2. Wide Range of Technologies: You get access to there employees, options of choosing the right tool and also to experience knowledge as equivalent to that of developers.
3. Scalability: Along with the product roadmap team size would be scalable with the skills required, and when outsourcing is done the risk is transferred to the contractor to maintain the engineering team and product owner concentrate on the core business idea, sales channels, and users- which is very important for the business.
What to expect when you outsource product development and how to make efficient interaction process.
1. Set Minimum Viable Product: No wonder that market is changing rapidly and if Go to Market is taking a year, then it will be an out-dated one. So, at the start release a minimalistic solution, that solves the basic needs and then add functionality to it.
2. Interact with the team: In rapid software development, creates an additional burden on you as a customer. In Agile methodology, Product owner- a role is required to define the functionality of the product and prioritizing the features. The role here is not a person, responsibility of the role should be divided.
3. Quality comes with a price, nothing is free: Many freelance developers can develop a clone of any product, but behind that many inefficient management and defects are going to exist. In the long run, the product owner ends up with scalability issue. Choosing the right set of the team with little extra cost goes profitable in the long run.
4. Share the vision and know-how: Share your whole business idea, an outsourcing company will not steal the idea from you but understands the key concepts of business, your problems, strategies, budget, timing, and features. Understanding the business is a very important factor for the outsourcing development team to build a quality Product for you.
What is required/ not required before you start outsourcing software development
Required:
1. Sound understanding of product concept: Identity purpose, users and monetization methods. Tools that can help: Impact Mapping, Canva Business Modeling, Customer Interviews, A/B testing with Landing Pages.
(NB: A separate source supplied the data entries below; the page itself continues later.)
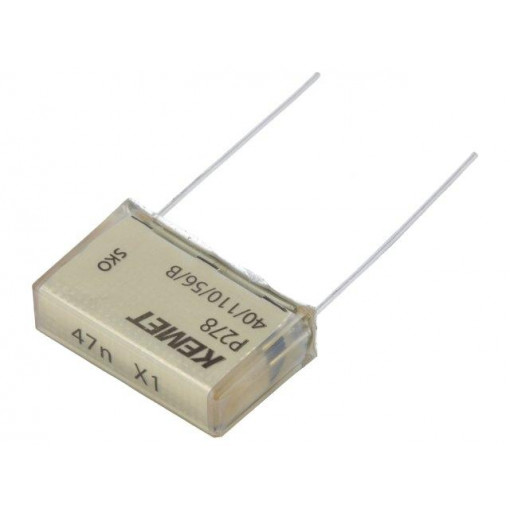 P278SJ473M480A; Capacitor: paper; X1; 47nF; 480VAC; 22.5mm; ±20%; THT; Series: P278; KEMET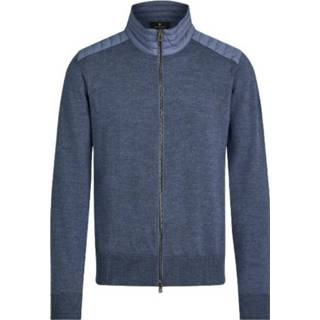 👉 XL male blauw Racing Kelby Zip Cardigan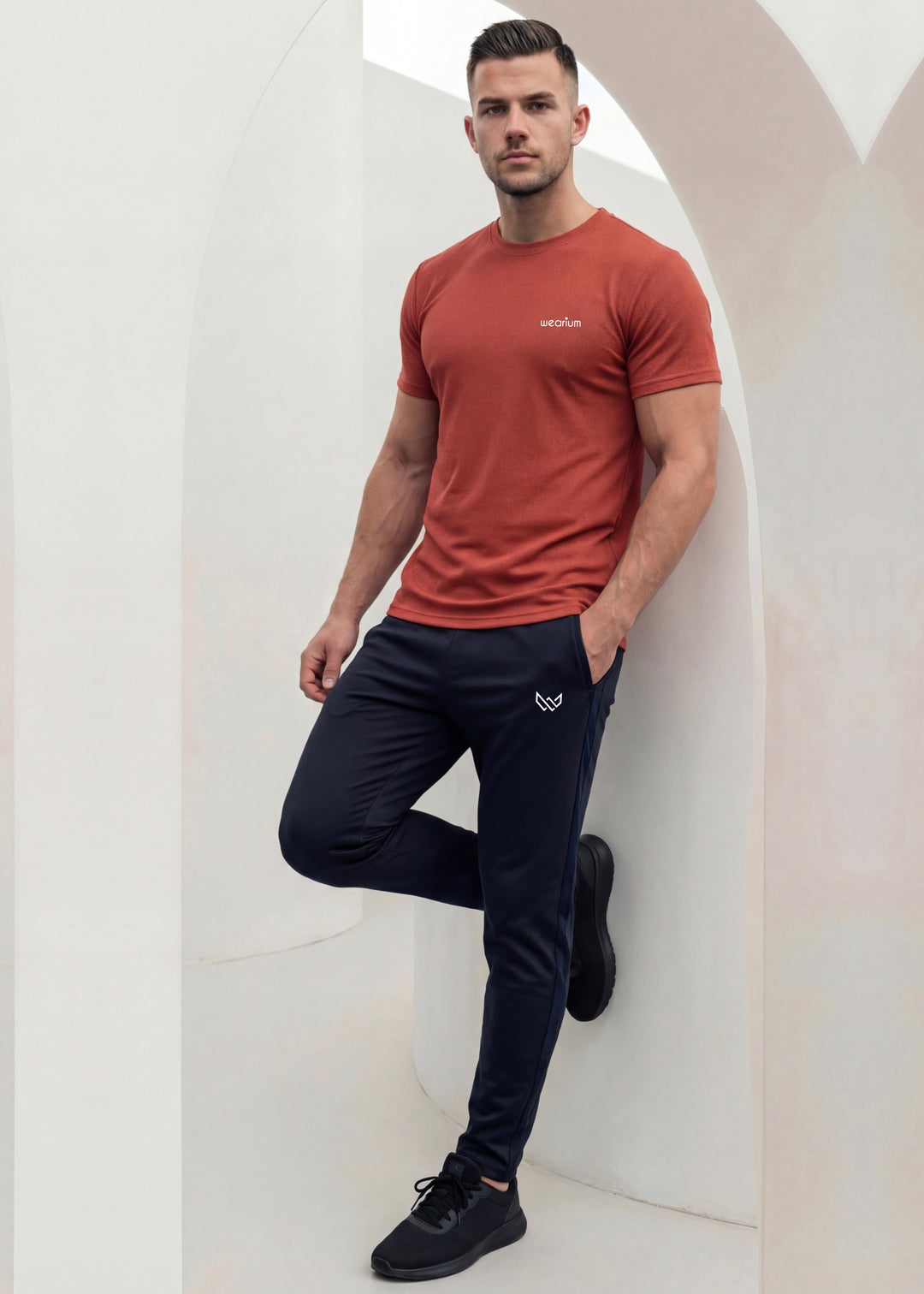 Imported Mesh Block Tee - Teal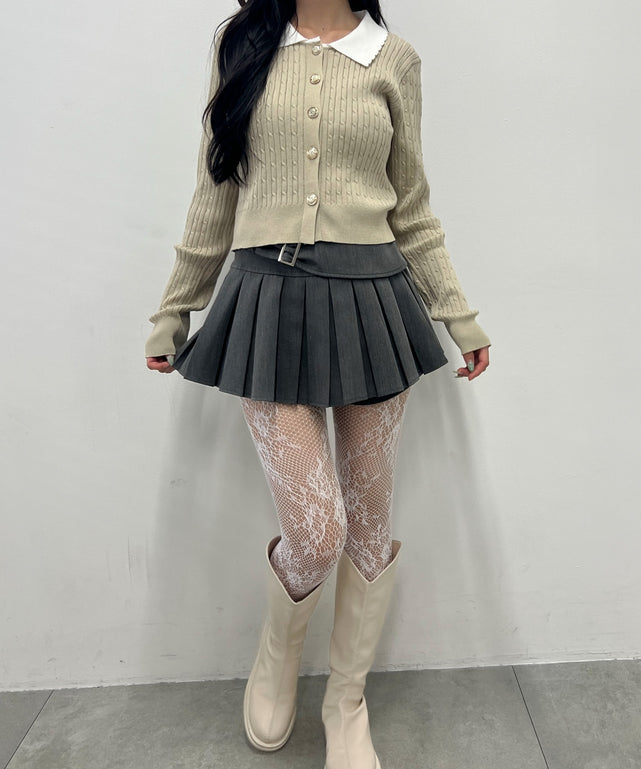 ベージュ モデル：158㎝ F着用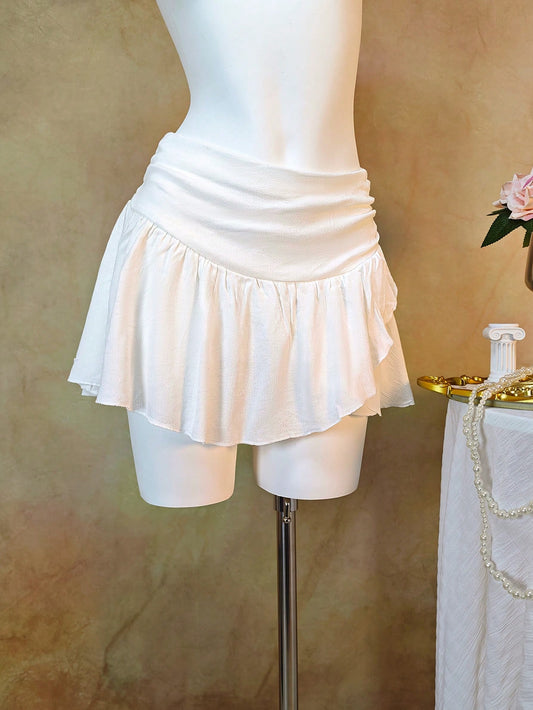 Vestido casual y versátil con dobladillo plisado/con volantes, adecuado para ocasiones de primavera/verano como vacaciones, citas, cumpleaños, fiestas, viajes, meriendas, aeropuertos, con cintura favorecedora y ajuste có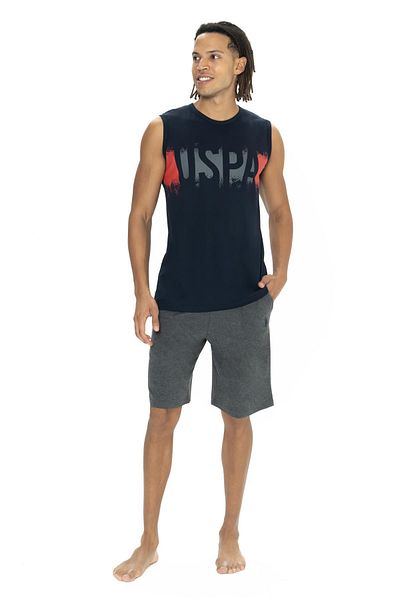 U.S. Polo Assn. Ανδρικό αμάνικο μπλουζάκι και σορτς, ΗΠΑ Polo Lisa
2. Create some designs and mockups: Basic mockup or sketches and the customer road map is important. The neat design should be maintained as in this stage to understand how your users will “navigate” the product and features they will use.
3. Fix the budget and schedule: Share this with your contractor, and determine the amount of time to communicate with the team. Phase wise demo for progress to monitor the development of the product.
Not Required:
The hiring of the technical writer or business analyst.
What to be known when a team is selected
Kick-off phase with a technical expert, sales manager, and project manager
1. Discuss the main artifacts of the project, make a plan on what is missing, vision about the project’s purpose, users and threads.
2. Interaction with designers from the beginning is very important as design is the critical part of the application. Once the design prototype is signed off then the actual product development should kick off.
3. Discuss the division of the Product Owner responsibility.
4. Keep updates with product development and delivery. Phase wise demo is important to meet the timeline for Go to Market plan.
Clear Project Road map
The product roadmap is very important from day one. Phase wise product feature planning and the design part comes at the first phase.
At this phase, changes are affordable in terms of cost and time. Once development starts the price of correcting the product flow change will increase at each stage. We are almost involved in the process to avoid such situations, but without your expert knowledge, we are unlikely to build an innovative product.